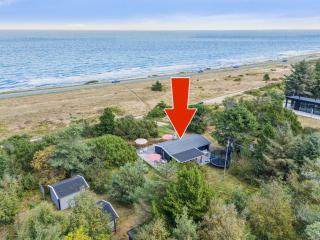 Holiday Home Kaj - 75m from the sea by Interhome - 2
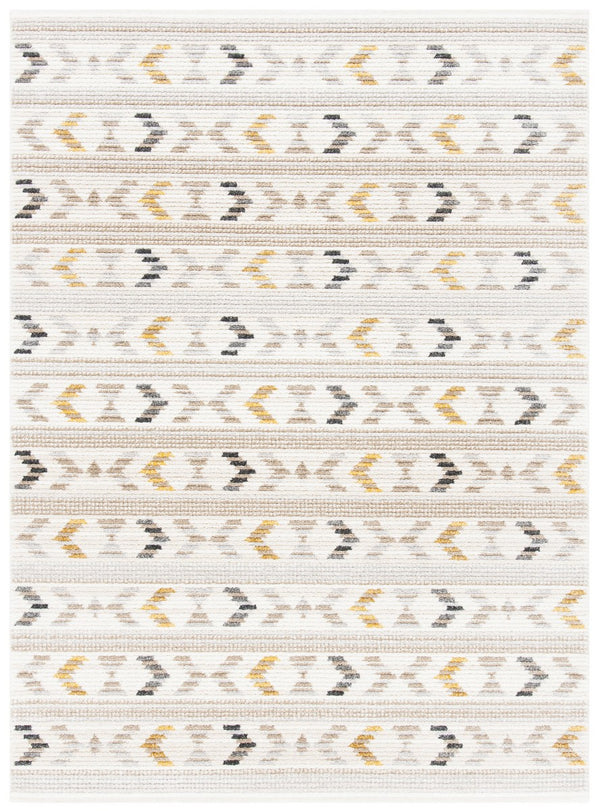 Safavieh Sedona 804 Power Loomed 60% Polypropylene/35% Polyester/5% Latex Bohemian Rug SED804B-57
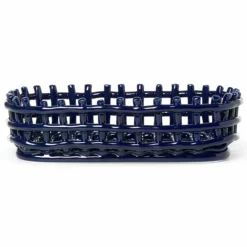 Ferm LIVING Ceramic Basket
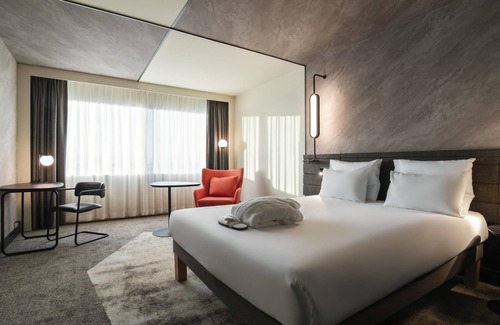 Kralingen-Crooswijk Hotel | Novotel Rotterdam Brainpark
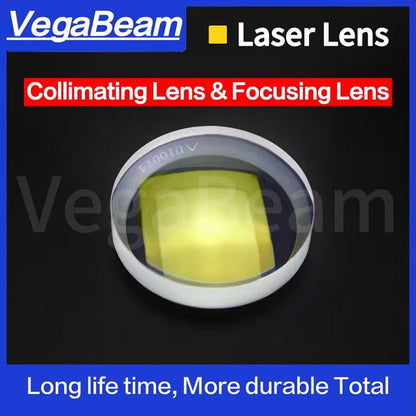 Lente de Colimação e Focagem para Soldagem a Laser D20x4.5 F150 F200 D16x5 F50 F60 SUP20S SUP21T SUP23S/T para Soldagem Portátil WSX HW QiLin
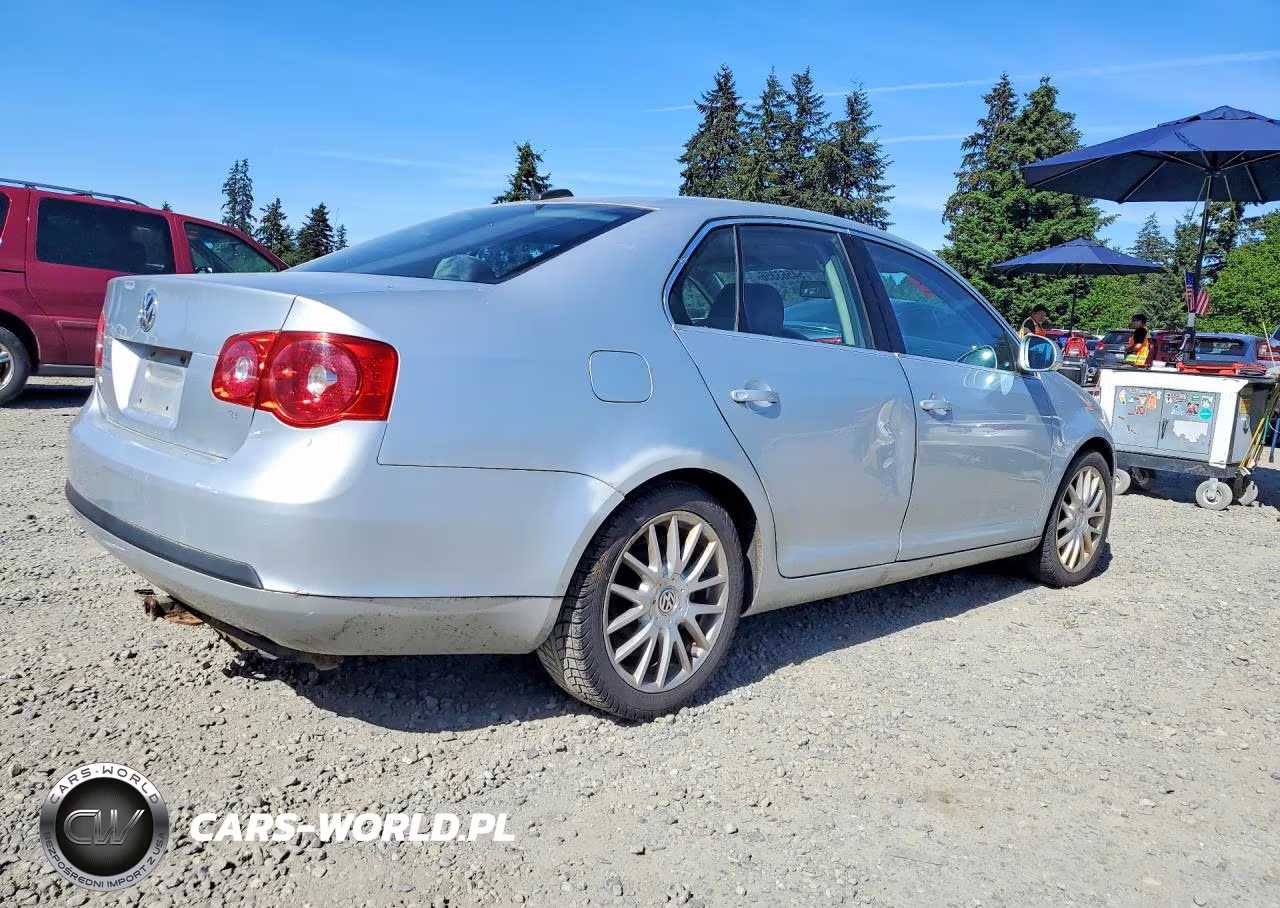 2006 Volkswagen Jetta Tdi Option Package 1 VIN:3VWST71K26M726373 - 3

▸ **Work required**
Keep every word of the records exact as you write them out, but drop the pictures.

▸ **Task result**
 Holiday Home Kaj - 75m from the sea by Interhome - 2
 Safavieh Sedona 804 Power Loomed 60% Polypropylene/35% Polyester/5% Latex Bohemian Rug SED804B-57
 Ferm LIVING Ceramic Basket
 Kralingen-Crooswijk Hotel | Novotel Rotterdam Brainpark
 Lente de Colimação e Focagem para Soldagem a Laser D20x4.5 F150 F200 D16x5 F50 F60 SUP20S SUP21T SUP23S/T para Soldagem Portátil WSX HW QiLin
 2006 Volkswagen Jetta Tdi Option Package 1 VIN:3VWST71K26M726373 - 3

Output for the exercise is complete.